Hopefully an nForce2 mobo with Silicon image sata will be better.

----------

## Loke

I just bought a Shuttle SN85G4 with Silicon Image SATA 3512A chip, and I get "lost interrupt" all the time too. Ive patched the kernel to support the 3512, but it will lose the interrupt either during format or within 5 minutes.

So dont bet on a new mobo will solve your problems  :Sad: 

----------

## marsclic

Just wanted to let everybody know that I've been using the MSI K8T Neo, an Athlon64 3200, and 2 raptors in a Linux RAID 0 configuration with some success. The kernel is gentoo-dev-2.6.1, which has support for the 8237 SATA ports. 

A few words of caution, though: Although I love Reiserfs, I have seen some file corruption problems that don't seem to be related specifically with running x86-64. But since I had a few system files corrupted after a freeze (RAM timing-related), I switched back to ext3. It seems to be working great for now.

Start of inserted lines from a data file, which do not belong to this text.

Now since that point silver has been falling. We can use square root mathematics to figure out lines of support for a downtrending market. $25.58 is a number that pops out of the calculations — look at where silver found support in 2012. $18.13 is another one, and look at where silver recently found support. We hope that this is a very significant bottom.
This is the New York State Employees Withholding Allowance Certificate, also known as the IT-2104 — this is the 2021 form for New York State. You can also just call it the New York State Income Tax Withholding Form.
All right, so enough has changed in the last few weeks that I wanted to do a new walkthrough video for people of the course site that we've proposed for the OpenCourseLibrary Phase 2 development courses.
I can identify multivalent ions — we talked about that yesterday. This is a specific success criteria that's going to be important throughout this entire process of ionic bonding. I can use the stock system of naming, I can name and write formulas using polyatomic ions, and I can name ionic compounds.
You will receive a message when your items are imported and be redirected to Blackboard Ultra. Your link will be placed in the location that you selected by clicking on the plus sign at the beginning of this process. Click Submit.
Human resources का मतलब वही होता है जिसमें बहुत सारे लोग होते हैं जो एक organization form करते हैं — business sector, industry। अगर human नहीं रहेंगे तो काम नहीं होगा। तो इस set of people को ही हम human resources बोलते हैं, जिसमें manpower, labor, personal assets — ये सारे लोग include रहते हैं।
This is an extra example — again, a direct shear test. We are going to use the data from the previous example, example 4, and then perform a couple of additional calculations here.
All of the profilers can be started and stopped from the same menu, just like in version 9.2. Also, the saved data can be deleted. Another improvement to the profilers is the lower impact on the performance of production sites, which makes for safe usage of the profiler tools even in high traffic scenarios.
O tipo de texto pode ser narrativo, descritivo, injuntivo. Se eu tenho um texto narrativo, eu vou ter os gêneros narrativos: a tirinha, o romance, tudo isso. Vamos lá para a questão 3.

So my advice is to run your RAM on a slower timing when you are using 2 banks (Athlon 64 only, Opterons are ok). DO NOT OVERCLOCK when using the SATA ports, it will cause major corruption issues with the 8237. I suspect this is related to the North Bridge not having a lock on the PCI frequency.

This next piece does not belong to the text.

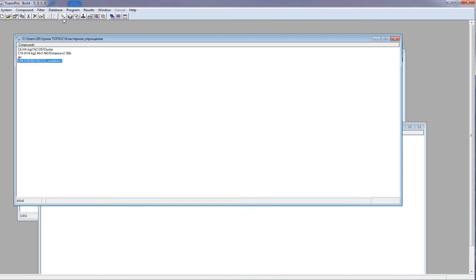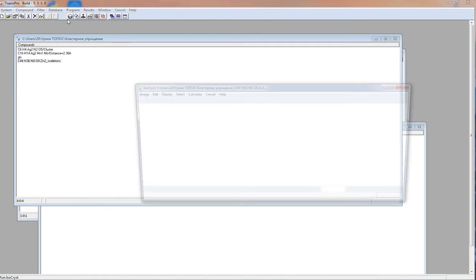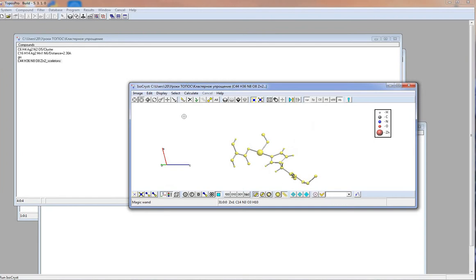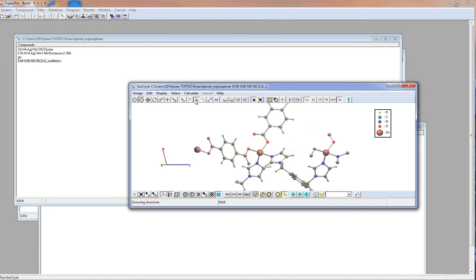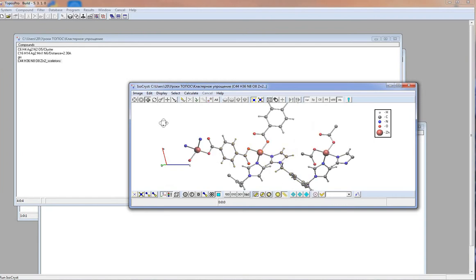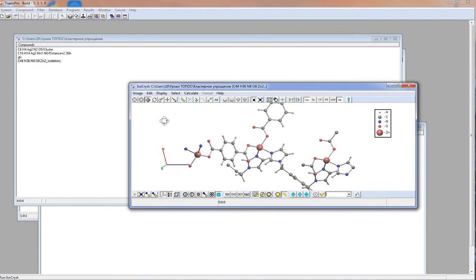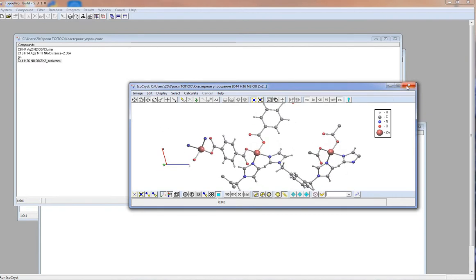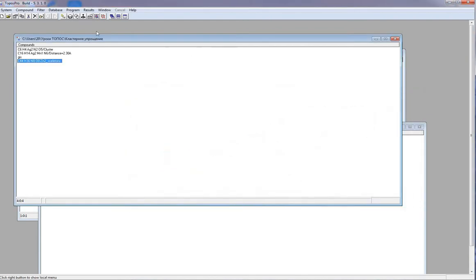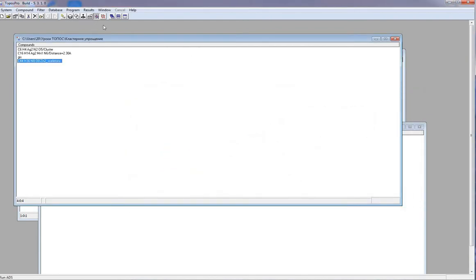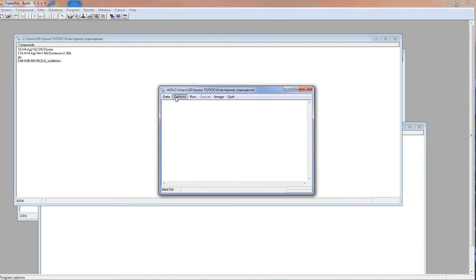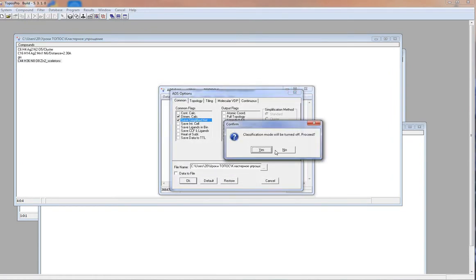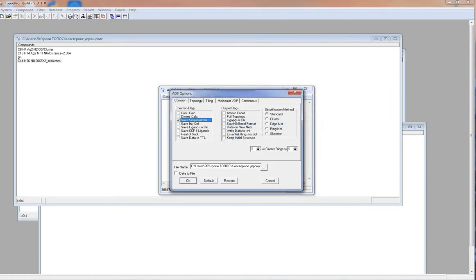Let's look at the structure. As you can see, it has 5 and 6 membered rings. Let's transform 5 membered rings to edges. I run ADS, options, save simplified net, simplification method skeleton.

Compile the kernel (2.6.1 and up) with SCSI support. If using "make menuconfig",  in the SCSI low-level drivers section you will find an entry to the SATA drivers. Enable it and then you will find the driver for the VIA 8237. DO NOT ENABLE this driver and the VIA82CXXX IDE PATA driver, it will cause segfaults and kernel freezes. The problem now is that the PATA drives are not using DMA because the generic IDE driver does not know how to enable it.   :Sad: 

Anybody knows how to get around this ?

----------

## marsclic

Ok I got around it by using the standard VIA82CXX IDE driver, and NOT the SCSI SATA drivers. Again, my main problem was that the SATA drives were using DMA, while the generic IDE driver could not enable it for the PATA drives.  In the 2.6.1 kernel, the VIA82CXXX driver knows how to handle the SATA drives. The only inconvenience is that the driver maps the SATA drives to /dev/hde and /dev/hdg instead of the /dev/sda and sdb used by the SCSI SATA drivers. The advantage is that, after some benchmarking with bonnie++, it turned out the VIA82CXXX driver is a little faster than the SCSI SATA driver. So there it is, I hope this helps a little for people having problems with the VIA8237 chipset.

----------

## Loke

I got around the problem by disabling the APIC support in the kernel. Since then 2.6.2-mm-rc1 has been working nicely.

----------

## Peacefaker

Well the new mobo is fine a EPoX EP-RDA3+, no lost interrupts, no "acpi=off" to make it work, has dual realtek nics= no nvnet. Now I only have one little problem: no portage! This is due to filesystem corruption I tested it out to bad ram, A kingston hyperX that constantly fails at 158.7MB, I get new monday, until then I run a pair of old Kingmax DDR266 in dual-ddr mode.

----------

## Davitelj

I have EPoX 8RDA3+ and SATA is working perfectly. HOW DO YOU HAVE BOTH RTL NIC's???? I have one RTL and one NV

----------

## Loke

Just a note: APIC and ACPI is *not* the same thing - easy to mix those two...

----------

## Peacefaker

Well I read from the manual about the nics, I have both working fine but lspci detects one Realtek and one nVidia

From the manual:	Embedded RTL8291BLPHY

				Embedded RTL8101L

----------

## chrisdupre

I've got a ide HD with no problems.  Keep the mb and get a ide HD.

----------

## rantenki

I tried forever to get this board to correctly use the VIA SATA interface. I ended up plugging into the Promise SATA header, and compiling: the promise ATA-raid, SATA support, Promise-SATA and ATA-SCSI all into the kernel (NOT as modules, that didn't work). Otherwise I followed the regular installation exactly. 

Note that I never had a problem booting the Livecd and autodetecting the drive as /dev/sda.

I am now compiling my system faster than anything I have ever seen before, and have a working SATA 74G Raptor  :Wink: 

----------